■ **The problem**:
Each of the entries below is to be written out exactly, and the images skipped.

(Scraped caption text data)
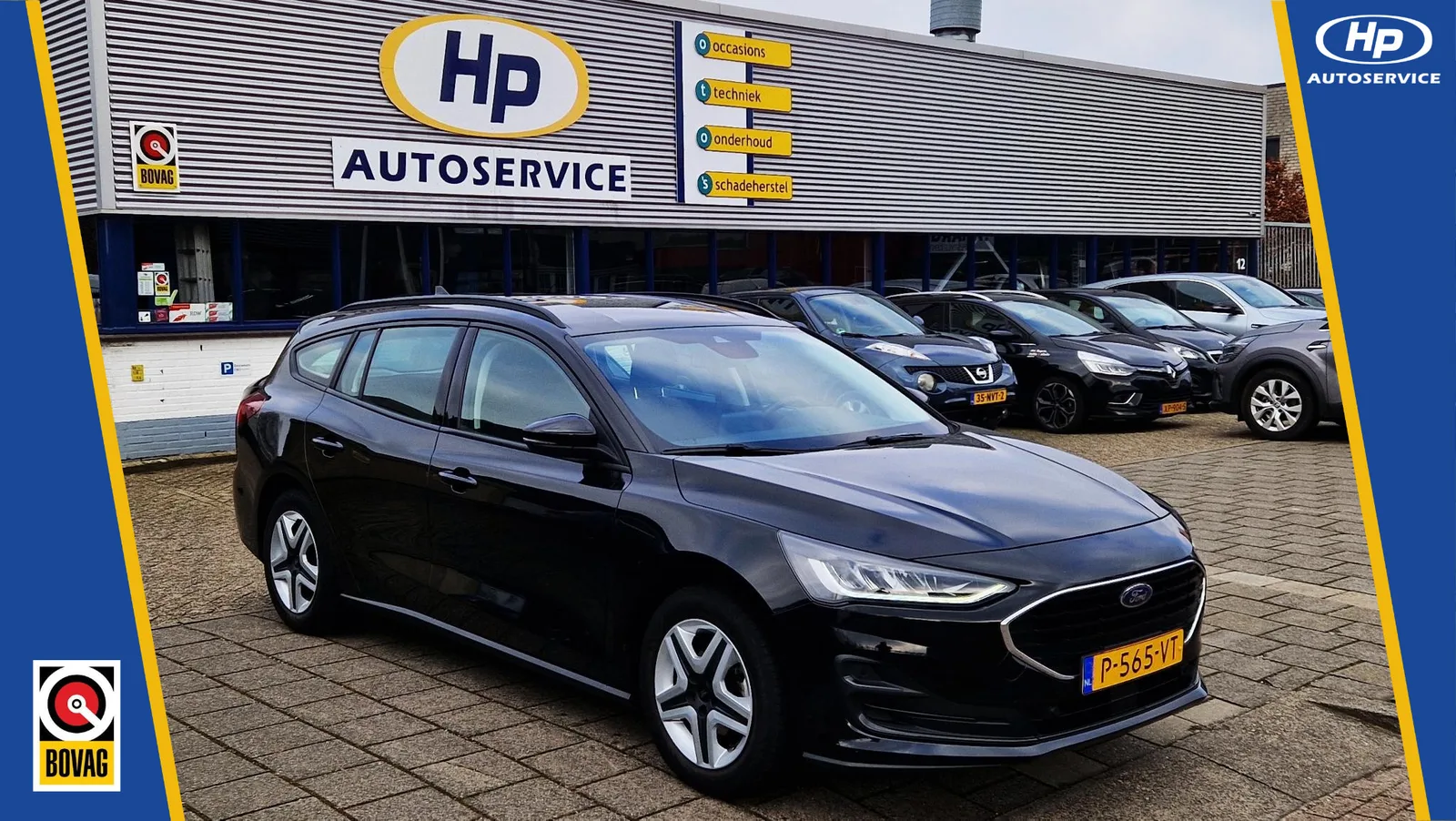 Ford Focus (2022) — foto 1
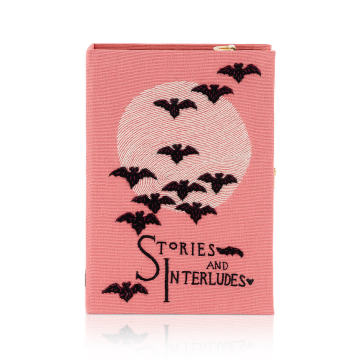 Stories And Interludes Book Clutch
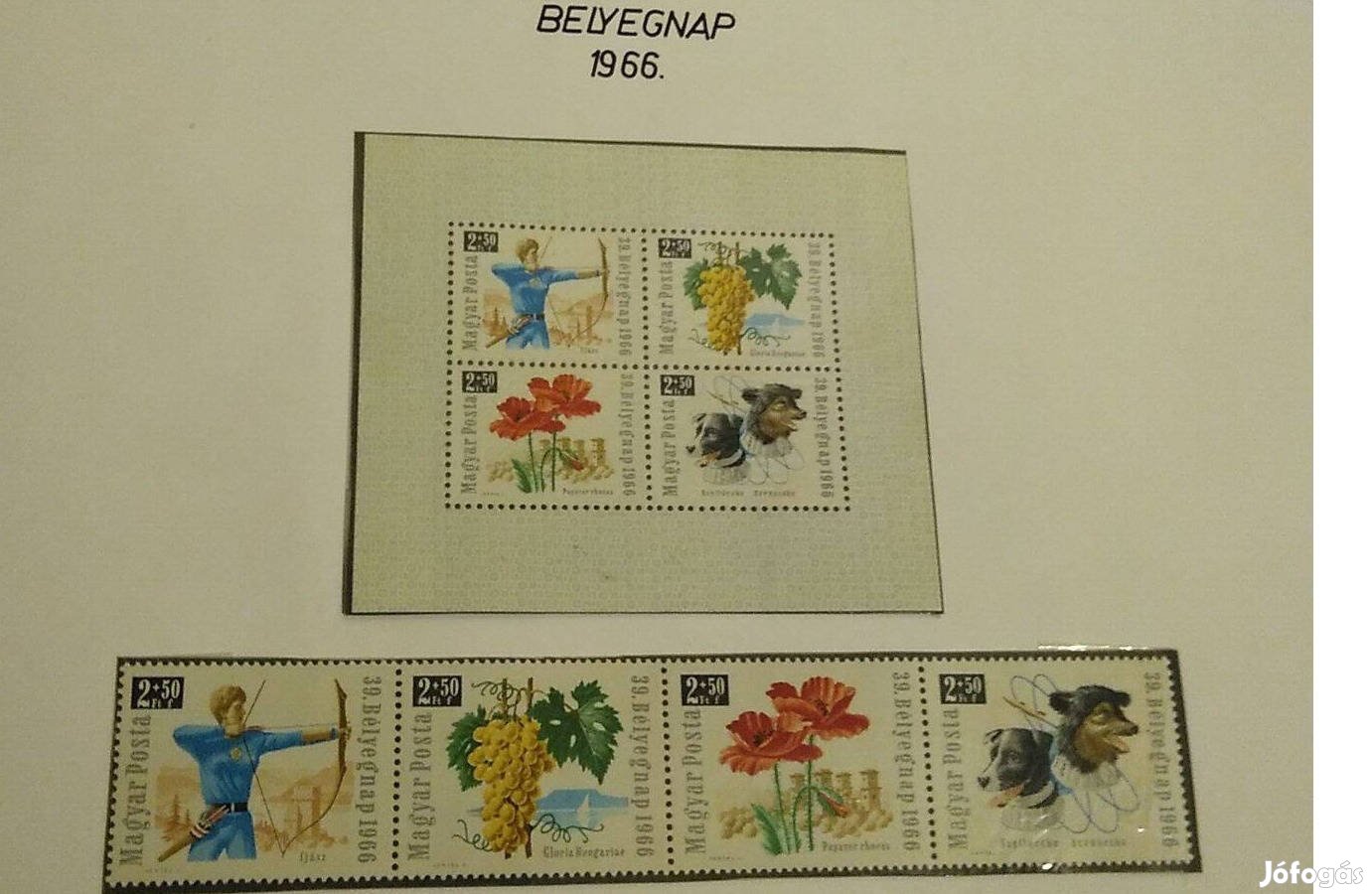 Bélyegnap 1966 - Bélyeg blokkok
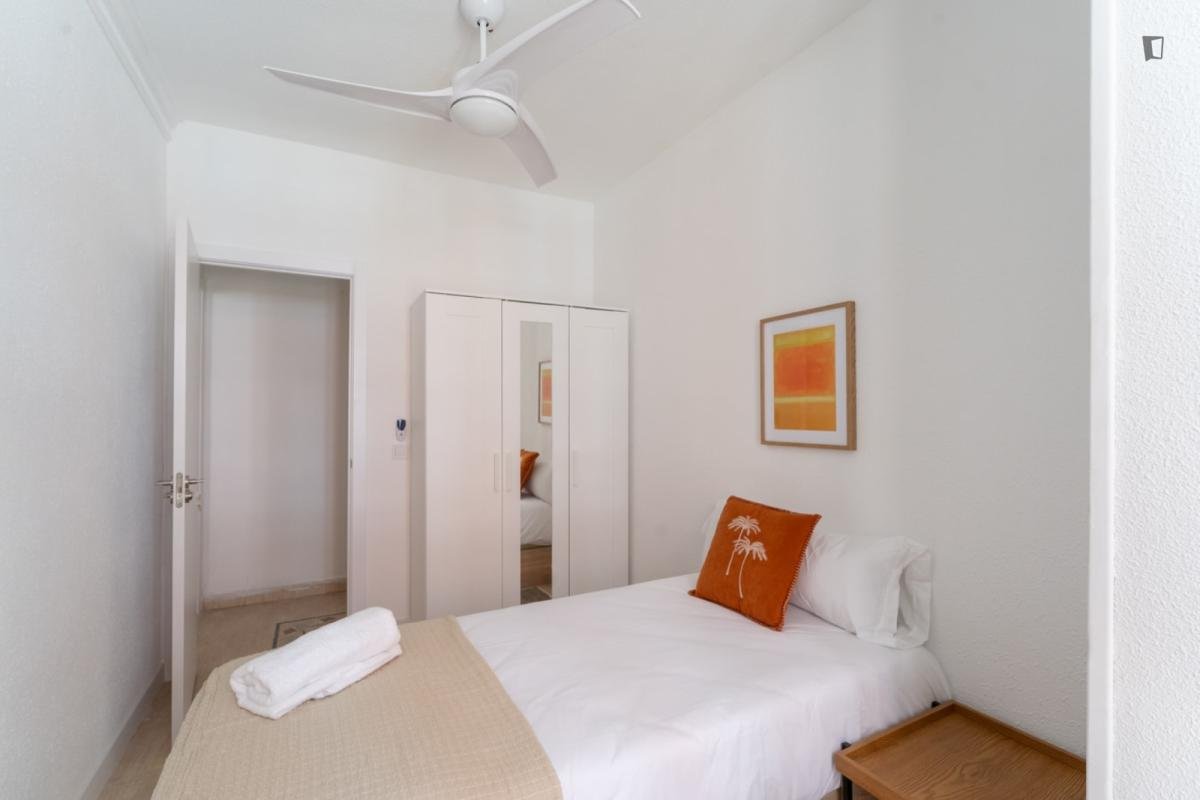 Habitació de lloguer, Madrid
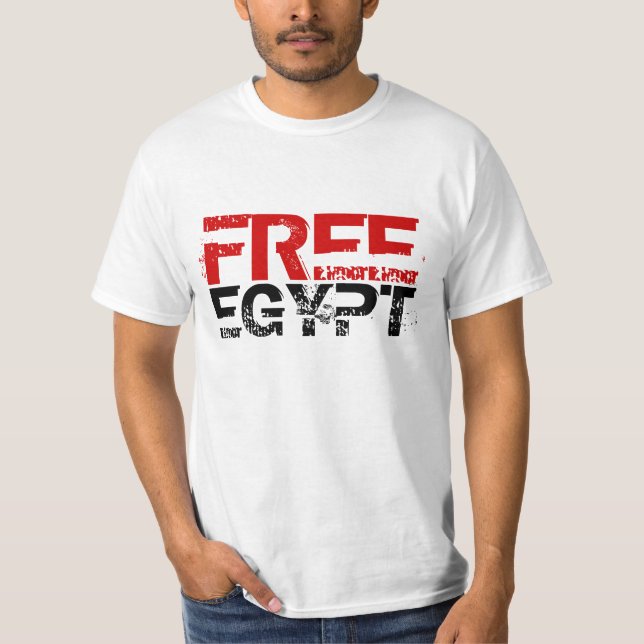 FREE EGYPT T-Shirt (Front)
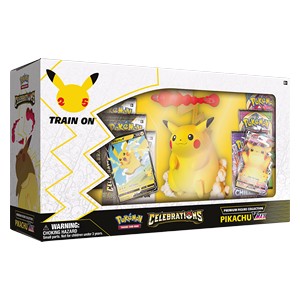 Celebrations Premium Figure Collection: Pikachu VMAX - Celebrations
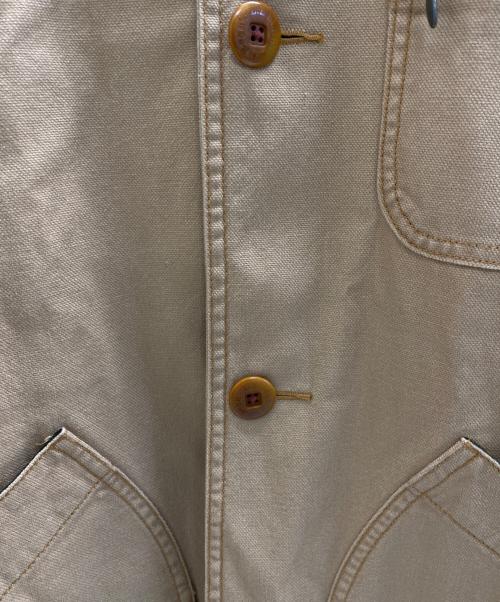 L.L.Bean（エルエルビーン）L.L.Bean (エルエルビーン) オリジナル フィールド コート カーキ×ブラウン サイズ:Sの古着・服飾アイテム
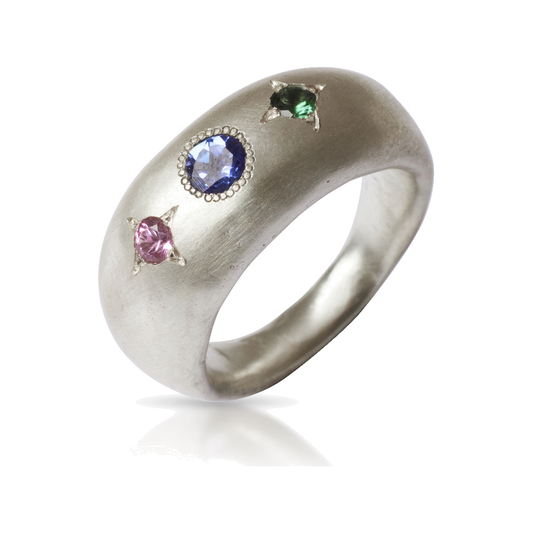 Chunky Donkey Ring - Whimsy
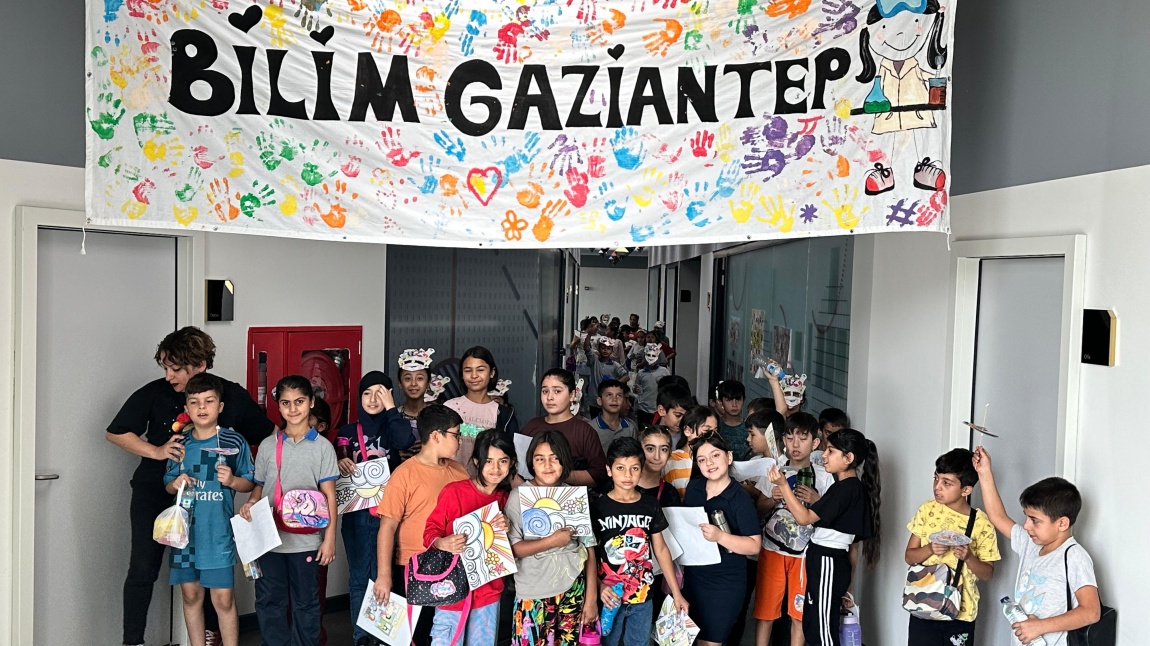 OKULUMUZUN MÜZEYYEN ERKUL GAZİANTEP BİLİM MERKEZİ GEZİSİNDEN KARELER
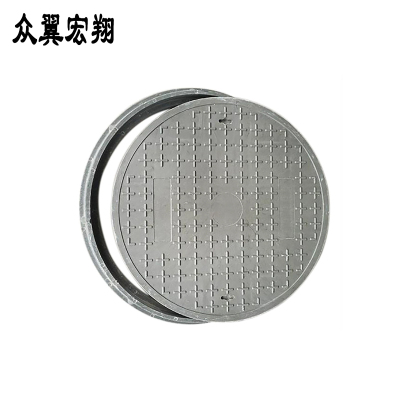 众翼宏翔 树脂井盖 直径700mm*50mm 个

■ **Answer to the exercise**:
 Ford Focus (2022) — foto 1
 Stories And Interludes Book Clutch
 Bélyegnap 1966 - Bélyeg blokkok
 Habitació de lloguer, Madrid
 FREE EGYPT T-Shirt (Front)
 Celebrations Premium Figure Collection: Pikachu VMAX - Celebrations
 L.L.Bean（エルエルビーン）L.L.Bean (エルエルビーン) オリジナル フィールド コート カーキ×ブラウン サイズ:Sの古着・服飾アイテム
 Chunky Donkey Ring - Whimsy
 OKULUMUZUN MÜZEYYEN ERKUL GAZİANTEP BİLİM MERKEZİ GEZİSİNDEN KARELER
 众翼宏翔 树脂井盖 直径700mm*50mm 个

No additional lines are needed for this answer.